Althea McNish Remembered
Image: Golden Harvest, furnishing fabric, designed by Althea McNish for Hull Traders Ltd., 1960s, UK. © Victoria and Albert Museum, London
The textile designer Althea McNish (1924 - 2020) was among the first, if not the first woman from the West Indies to achieve international recognition in her field and was responsible for some of the 20th century’s most memorable fabrics. She claimed to see everything “through a tropical eye”, and her designs injected much-needed colour and life into post-war fashion and textiles from the late 1950s onwards, infusing British floral and botanical motifs with the vibrancy and feel of the Caribbean.
Image: Althea McNish in a 'bachelor girl's room' that she designed for the Ideal Home exhibition in London in 1966. Photograph@ Hodder/ANL/Rex/Shutterstock.
In 1951, 27 year-old Althea moved with her mother from Port of Spain in Trinidad to London, where her father was working. From a young age her mother, a well-regarded dressmaker, and her father, a writer and publisher, fostered within her a passion for drawing and painting — by her teens she was already presenting her work in exhibitions in Port of Spain at a time when the country was a thriving cultural centre edging closer to independence. She arrived in London with a strong interest in construction and won a scholarship to study architecture at the Architectural Association, but chose instead to enrol on a print course at the London School of Printing and Graphic Arts. After gaining a comprehensive grounding in screen printing and industrial processes she moved on to the Central School of Art and Design, where her tutor, sculptor Eduardo Paolozzi persuaded her to apply her print skills to textiles rather than fine art. An artist and designer, McNish honed her aesthetic and talent for printing, textile repeats and colourways to a level that ensured her control over industrial production processes, and enabled her to achieve depth and form with distinct layers of colour.

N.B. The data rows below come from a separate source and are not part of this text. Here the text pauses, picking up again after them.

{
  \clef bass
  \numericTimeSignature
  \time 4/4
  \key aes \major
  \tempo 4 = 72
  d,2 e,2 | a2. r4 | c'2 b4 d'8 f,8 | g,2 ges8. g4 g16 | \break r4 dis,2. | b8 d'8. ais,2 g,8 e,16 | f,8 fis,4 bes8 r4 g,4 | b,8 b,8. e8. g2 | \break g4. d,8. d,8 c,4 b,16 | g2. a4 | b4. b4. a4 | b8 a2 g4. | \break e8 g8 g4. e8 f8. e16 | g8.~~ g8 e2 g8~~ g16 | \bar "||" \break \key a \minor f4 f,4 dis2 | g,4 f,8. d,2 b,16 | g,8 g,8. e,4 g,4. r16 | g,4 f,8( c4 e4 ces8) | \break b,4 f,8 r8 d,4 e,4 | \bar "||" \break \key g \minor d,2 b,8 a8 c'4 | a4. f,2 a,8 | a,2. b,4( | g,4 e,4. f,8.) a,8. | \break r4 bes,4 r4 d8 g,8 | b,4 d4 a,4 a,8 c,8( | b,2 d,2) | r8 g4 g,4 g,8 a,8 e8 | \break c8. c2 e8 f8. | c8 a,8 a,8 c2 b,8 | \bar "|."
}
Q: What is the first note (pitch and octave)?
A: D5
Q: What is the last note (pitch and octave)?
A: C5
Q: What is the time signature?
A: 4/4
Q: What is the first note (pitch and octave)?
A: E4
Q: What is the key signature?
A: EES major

‘Whenever printers told me it couldn’t be done, I would show them how to do it. Before long, the impossible became possible.’
Image: Oriana, furnishing fabric, designed by Althea McNish for Hull traders Ltd., 1960s, UK. © Victoria and Albert Museum, London
In the final year of her postgraduate degree at the Royal College of Art, Althea took a trip to the Essex countryside where she encountered a wheat field for the first time, which reminded her of the sugar cane plantations of Trinidad. The trip and the organic forms she encountered in the English countryside made a significant impression on her and in 1959 she used the wheat motif in Golden Harvest — her first design for Hull Traders which was their best-selling design the year it was released and stayed in production until the 1970s. R
Recognising that consumers in Britain were desperate to move beyond the greyness of the post-war years — and McNish’s unique talent — chairman of London's Liberty department store Arthur Stewart-Liberty commissioned the young designer to creative new and exclusive designs for both fashion and furnishing fabrics. What followed was a varied and distinguished career, with her versatile and striking designs used in textiles, fashion, as well as being highly sought after for wallpapers and architectural murals. An important presence in the British design scene, she taught throughout her career and was an active member of the Caribbean Arts Movement (CAM), founded in London in 1966 with the aim of celebrating and promoting the work of artists, writers, filmmakers and musicians from across the Caribbean to the British public.